-- What the task asks --
Write the records below out again. Match them exactly.

[Dataset entries]

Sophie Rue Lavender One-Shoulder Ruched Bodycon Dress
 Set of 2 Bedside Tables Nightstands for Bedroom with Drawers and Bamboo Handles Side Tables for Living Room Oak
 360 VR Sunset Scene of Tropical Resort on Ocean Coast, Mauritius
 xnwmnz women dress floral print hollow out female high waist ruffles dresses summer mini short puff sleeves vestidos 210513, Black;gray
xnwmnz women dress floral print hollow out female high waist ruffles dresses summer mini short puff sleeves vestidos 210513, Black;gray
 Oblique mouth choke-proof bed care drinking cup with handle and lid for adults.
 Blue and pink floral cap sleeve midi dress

[/Dataset entries]

-- Response to the task --
Sophie Rue Lavender One-Shoulder Ruched Bodycon Dress
 Set of 2 Bedside Tables Nightstands for Bedroom with Drawers and Bamboo Handles Side Tables for Living Room Oak
 360 VR Sunset Scene of Tropical Resort on Ocean Coast, Mauritius
 xnwmnz women dress floral print hollow out female high waist ruffles dresses summer mini short puff sleeves vestidos 210513, Black;gray
xnwmnz women dress floral print hollow out female high waist ruffles dresses summer mini short puff sleeves vestidos 210513, Black;gray
 Oblique mouth choke-proof bed care drinking cup with handle and lid for adults.
 Blue and pink floral cap sleeve midi dress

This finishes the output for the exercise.